3. Позиция Маркса
Хотя, как можно предполагать, весь замысел, изложенный выше, оформился у Энгельса лишь вскоре после смерти Маркса, но зарождаться он фактически стал гораздо раньше, а именно уже тогда, когда писалось «Историческое введение» к «Диалектике природы», значит около 1875 или 1876 г. Ибо в этом введении процесс развития всей природы — сначала неживой, затем живой— показан как завершающийся диалектическим скачком от природы к человеку благодаря трудовой деятельности последнего.
Что касается Маркса, то он, несомненно, приветствовал написание Энгельсом такой работы, которая могла бы служить естественнонаучным введением к «Капиталу». Еще в своих подготовительных работах к «Капиталу» в 1863 г. Маркс записал очень важную оценочную мысль, гласившую, что естествознание «образует основу всякого знания»[1]. Из этой мысли вытекает, что и для марксистской политической экономии естествознание, философски обобщенное с -позиций марксистской диалектики, могло бы составить такого же рода ее основу.
[1] К. Маркс и Ф. Энгельс. Соч., т. 20, стр. XIV.
Но, в представлении Маркса, еще более глубокая и важная связь органически объединяет естественные и общественные науки, в том числе и политическую экономию. Речь идет о том, что критерий строгого, точного, объективного знания, которым всегда характеризовалось естествознание как наука, полностью применим к общественным наукам, включая опять-таки и политическую экономию. Так, в известном предисловии к «К критике политической экономии» (1859 г.) Маркс указывал на «материальный, с естественно-научной точностью констатируемый переворот в экономических условиях производства»[2]. Здесь выражение «естественно-научная точность» как раз и свидетельствует о том, что в общественно-экономическом развитии Маркс видел строгую объективную закономерность, как это обнаруживает любой процесс развития природы.
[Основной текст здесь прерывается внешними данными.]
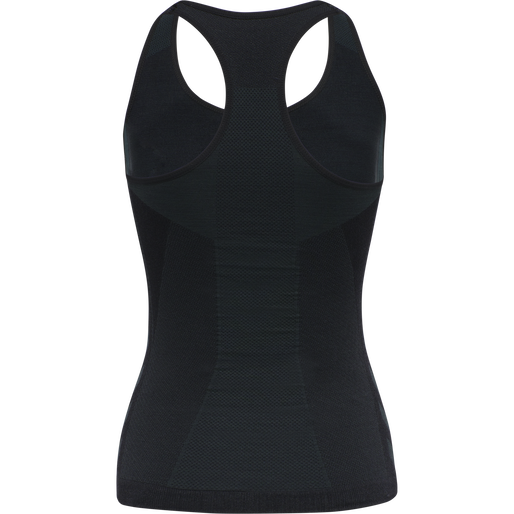 Hummel Women's Clea Seamless Top Hummel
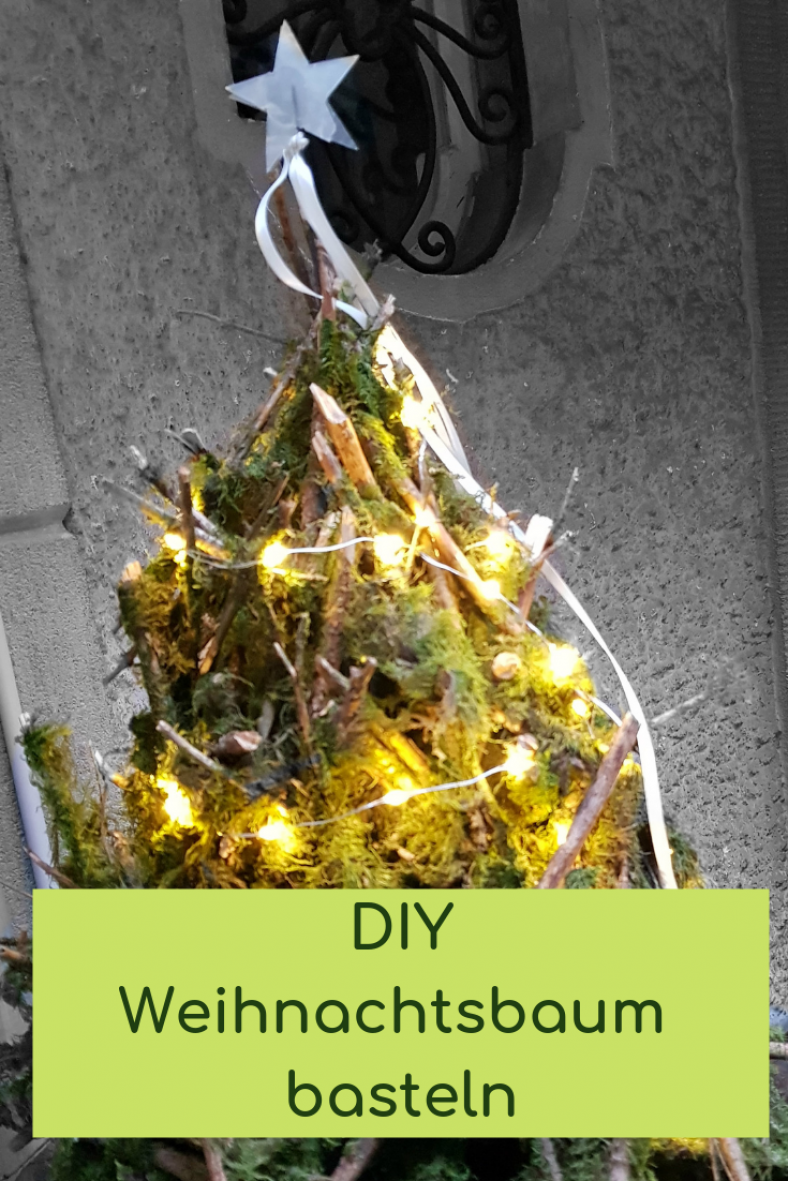 Anleitung-Weihnachtsbaum-aus-Moosaesten-Winterdeko-selber-basteln-DIY-ANleitung.png
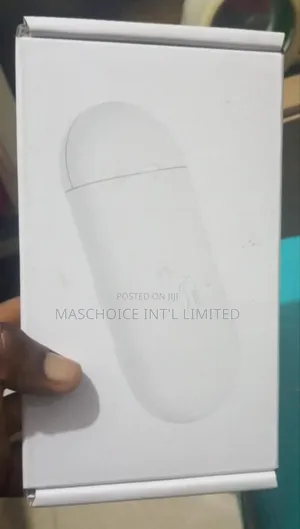 Ubiquiti Nanostation Ac Loco5ac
[2] К. Маркс и Ф. Энгельс. Соч., т. 13, стр. 7.
По сути дела, та же мысль проведена Марксом и в «Капитале». В Предисловии к его I тому сказано: «Я смотрю на развитие экономической. общественной формации как на естественноисторический процесс...»[1].
[1] К. Маркс и Ф. Энгельс. Соч., т. 23, стр. 10.
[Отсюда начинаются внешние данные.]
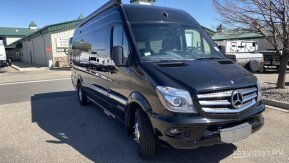 2014 Airstream Interstate for sale 300442500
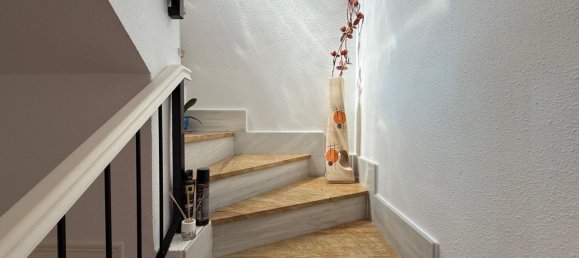 3 bedrooms House in Los Alcazares, Spain No. 149571 16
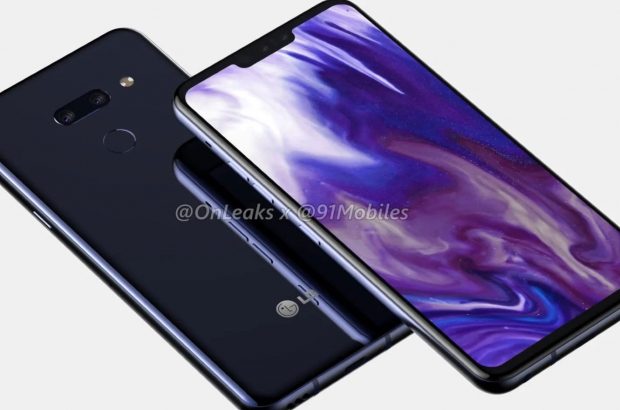 lg-g8-render-1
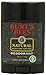 Burt's Bees Men's Deodorant, 2.6 Ounce Units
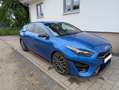 Kia Ceed / cee'd Ceed 1.6 T-GDI DCT7 OPF GT Blau - thumbnail 3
Эту же мысль Маркс снова подчеркивает в Послесловии ко 2-му изданию того же тома, цитируя слова петербургского рецензента: «Маркс рассматривает общественное движение как естественноисторический процесс, которым управляют законы...». Внимательный анализ этой (экономической) жизни неоднократно убеждал многих исследователей, уже с сороковых годов, в неверности того взгляда старых экономистов на природу экономического закона, по которому последний однороден с законами физики и химии. «Более глубокий анализ явлений показал, что социальные организмы отличаются друг от друга не менее глубоко, чем организмы ботанические и зоологические»[2].
[2] Там же, стр. 20—21.
По поводу всей іпроцитированной им рецензии Маркс говорит, что здесь автор ее удачно очертил «то, что он называет моим действительным методом...»[3]. Нас сейчас интересует только одно: отношение Маркса к сопоставлению между естественными науками и политической экономией. Здесь параллель между ними проведена достаточно глубоко.
[3] Та м же, стр. 21.
В самом же I томе «Капитала» о Дарвине сказано: «Относительно естественных органов растений и животных Дарвин в своей составившей эпоху работе «Происхождение видов» говорит: «Причина изхменчивости органов в тех случаях, когда один и тот же орган выполняет различные работы, заключается, быть может, в том, что здесь естественный подбор менее тщательно поддерживает или подавляет каждое мелкое уклонение формы, чем в тех случаях, когда один орган предназначен лишь для определенной обособленной задачи. Так, например, ножи, предназначенные для того, чтобы резать самые разнообразные вещи, могут в общем сохранять более или менее одинаковую форму; но раз инструмент предназначен для одного какого-либо употребления, он при переходе к другому употреблению должен изменить и свою форму»[1].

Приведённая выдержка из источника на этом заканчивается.